Thoughts of the Old Man II
The eulogy almost didn’t happen. My sister-and-law and I met with Father Maurice just before the funeral mass to tell him which readings we had selected and ask at which part of the ceremony I could give the eulogy. “But we don’t do that,” he said. “It’s a directive from the archdiocese…”
Minutes before, as I was walking to the church with my niece, I had told her that I was expecting Father Maurice to protest. I could tell from the brief and largely useless meeting my family had had with him the previous Saturday that he expected us to select one reading from the Old Testament to be read by a lay person of our choice, one from the New Testament he would read, and four “universal prayers” — which included some drawing from the freakin’ Apocalypse! — to be read again by a lay person of our choice. “That’s how it’s done,” he told us, “and that’s it.” So once we returned home and my brothers and sister started talking about a eulogy, I thought to myself, “That’s not going to go over very well.” I, the partial namesake of Father Maurice, never got good vibes from him, the personification of why I left the Catholic Church as a teenager, never to return.
— Right now I don’t really care about the archdiocese,” I told him.

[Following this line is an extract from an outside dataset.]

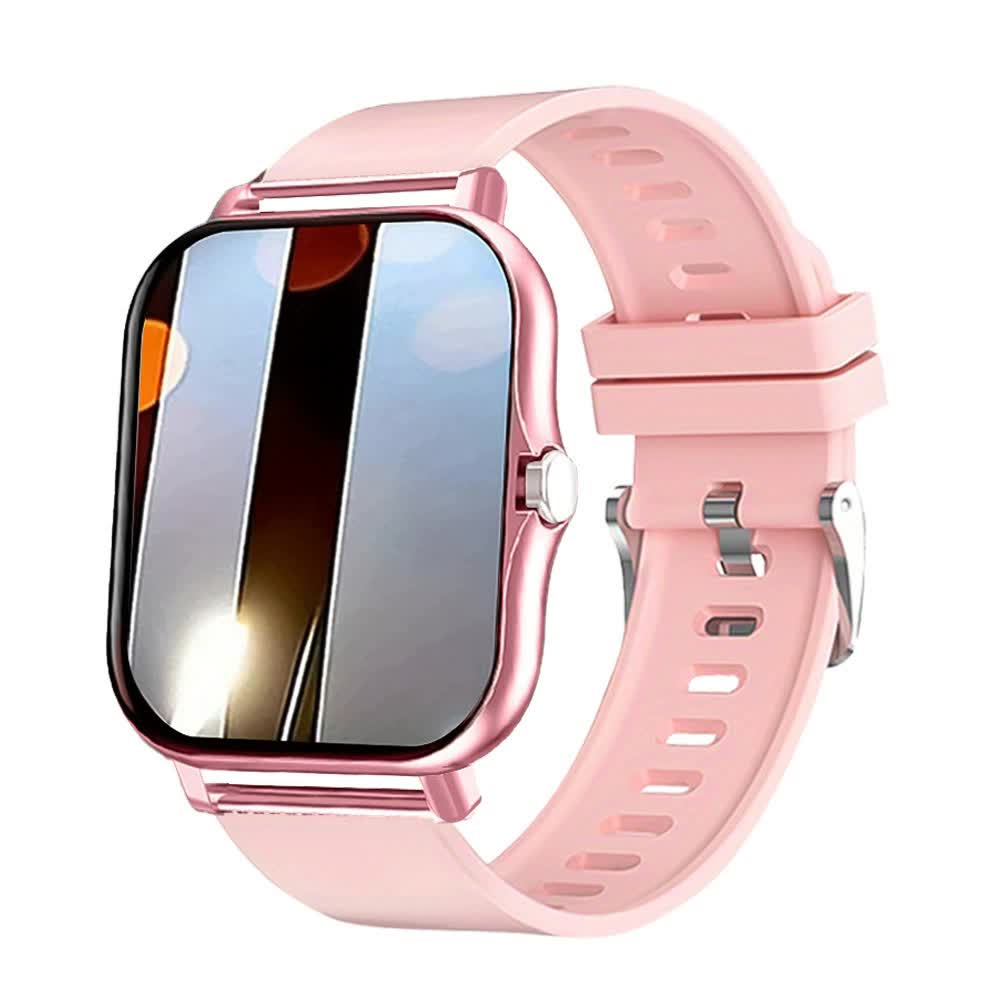 NNEDSZ Single Silicone Strap Pink Smart Fitness Watch with Large Display - 24 Sport Modes, Heart Rate Monitor & More-0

— But if I give in to one, I’ll have to give in to all the other families,” he clipped back. But seeing he’d be Swiss cheese if my hazel eyes had been the barrels of two loaded guns, he tentatively added to his defence, “It’s something that should have been done at the funeral home.”
— My family chose not to have a funeral home visitation for my father, so this is the only opportunity we have to bid farewell to my father. You can’t deny us that.”
My sister-in-law by my side, she added after a short pause in this duel between the two Maurices, “Father, perhaps a bit of flexibility…”
To that he whisked us out of the sacristy, nodding simultaneously both yes and no, but indicating he was caving in.
— Did you have that argument ready for the serving?” my sister-and-law asked me as we were walking away.
— Nope, it just came out,” I said. “I just couldn’t bear the thought of having someone else dictate how to bury my father.”
Though he relented, add this incident to my list of why (alas, unlike my father) I consider the Catholic Church evil. Plus Father Maurice’s line to the effect that “it’s a directive from the archdiocese” and “if he gives in to one..” are stunning illustrations of cowardice and refusing to assume responsibility for personal preferences. There was no need for me or anyone to go through such unpleasanteries minutes before the funeral of the patriarch.